Mike's overt Republican beliefs set the character up as this for viewers on the left, presenting every stereotype Democrats dislike about Republicans. He's a gun-toting, ethnocentric, angry, borderline bigot who sees Barak Obama as a socialist nightmare here to take his guns and money.
Ryan is his Democratic counterpart. He embodies the "bleeding heart liberal" to a T. He's also a vegan, pacifist, overly politically correct, borderline hippie Soapbox Sadie who blames the 1% for every problem suffered by the working class and wants socialized medicine, benefits, and wages.
Take That: Mike compares his father's store's lack of security to the Denver Broncos' defense in Super Bowl XLVIII.

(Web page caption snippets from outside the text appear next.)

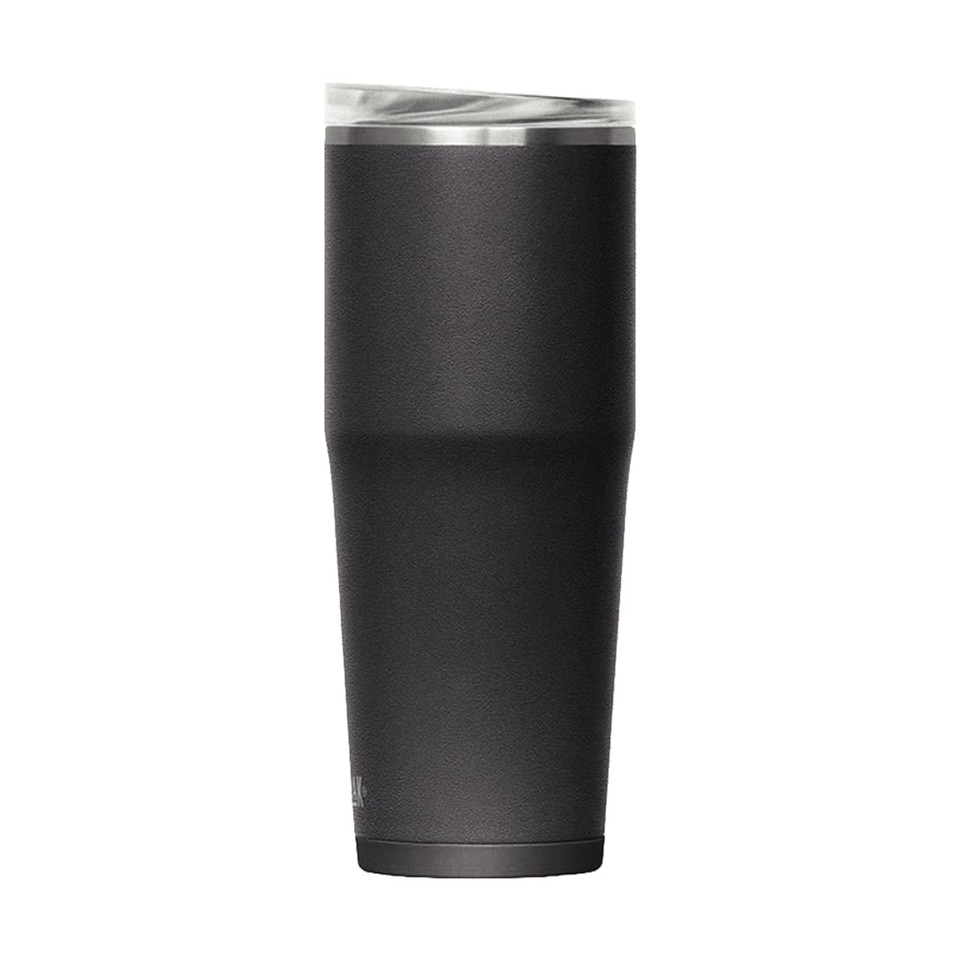 A drink bottle in matte black with a clear lid, featuring a sleek, tapered design and a branding logo.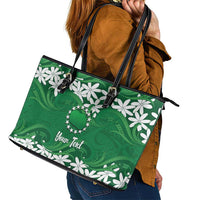 Personalised Cook Islands Rarotonga Leather Tote Bag Tiare Maori Polynesian Waves Tattoo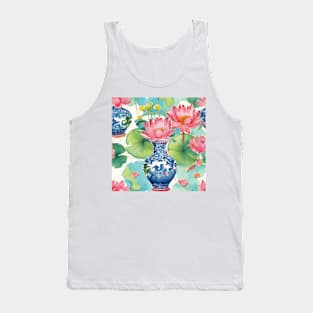 Waterlilies and chinoiserie jars watercolor painting Tank Top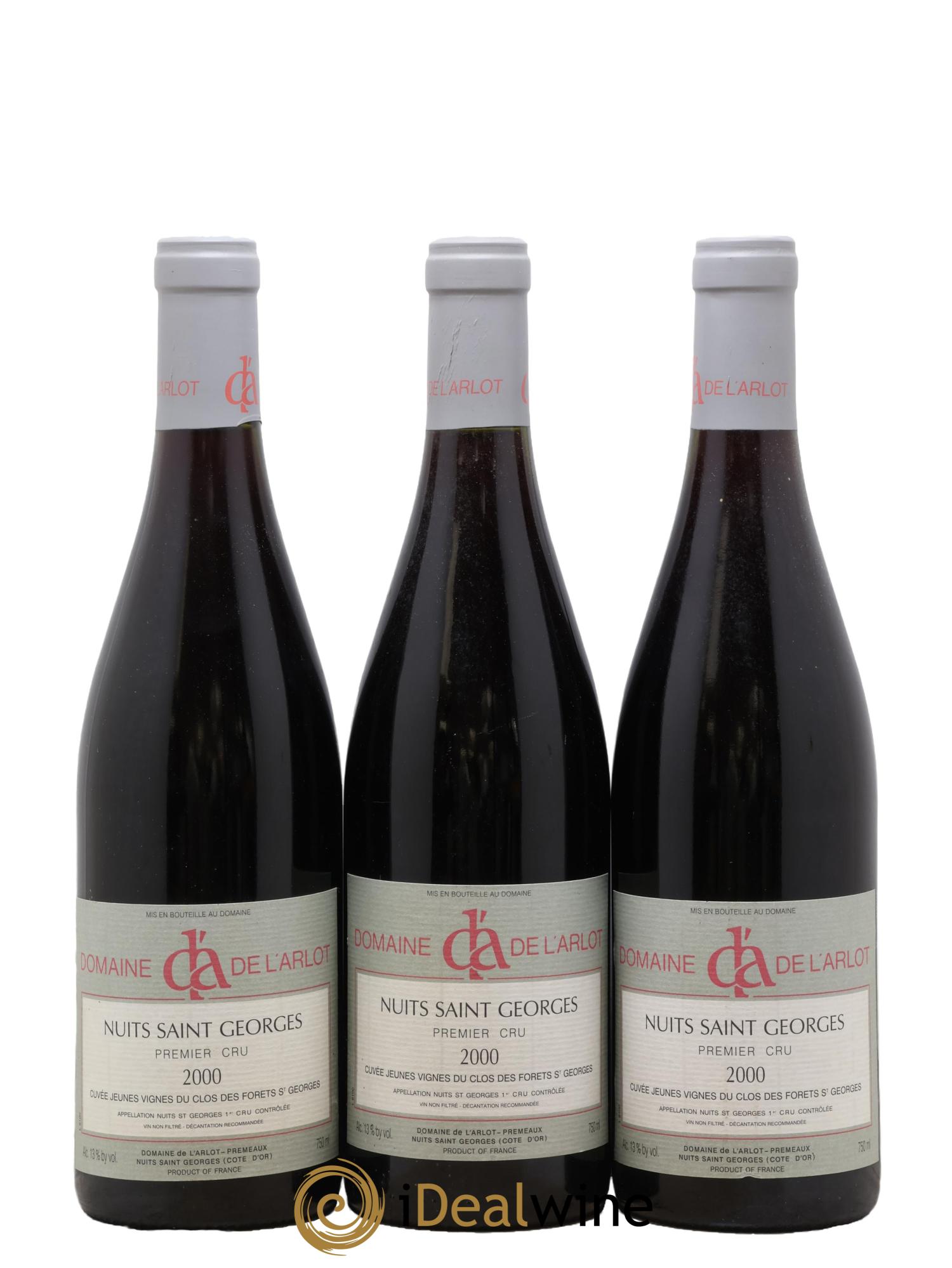 Nuits-Saint-Georges Jeunes Vignes du Clos des Forets Saint Georges Domaine de l'Arlot 2000 - Lot de 3 bouteilles - 0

Teen Pregnancy: Kristin got pregnant during her senior year in high school.
Teens Are Short: Rather notable in that both Mike and Vanessa tower over all their kids.
Tomboy and Girly Girl: Eve's the tomboy to Mandy's girly girl. With Kristin in a different stage of her life, the contrast between Mandy and Eve is that much bigger.
Took A Level In Jerk Ass: Kristin in season 2. She went from being a level headed young woman who was mildly annoyed at Mike's beliefs and restrictions at worst to a Commander ContrarianGranola Girl who undermines him at every opportunity and, on one occasion, calls him a "toxic" influence on Boyd.
Butch: Eve, who plays sports, does ROTC and has beaten up two different boys.
Femme: Mandy, a stereotypical shopaholic, boy-crazy fashonista air head.
Vitriolic Best Buds: Mike and Chuck make a big show of not liking each other, but the truth is they hate many of the same things and enjoy insulting each other with no ill will involved. Vanessa cannot understand why they don't consider each other friends, but that's all part of the gender clash.
Will They or Won't They?: Through most of the second season there was a lot of Ship Tease between Kristin and Ryan (mending fences after Ryan left when Boyd was born) and Mandy and Kyle (made complicated that Kristin and Kyle used to date). Both couples end up getting together in the same episode after Eve points out that most everyone can see what is going on.
Wise Beyond Her Years: Played with with Kristin. Since she had to grow up earlier than most high schoolers when she got pregnant, she's very wise and mature compared to other people her age. However, she still needs guidance from her parents regarding being a mother.
Women Are Wiser: Subverted. There are a number of episodes where Mike is proven to be right, and Vanessa is prone to stupid mistakes because of her pride.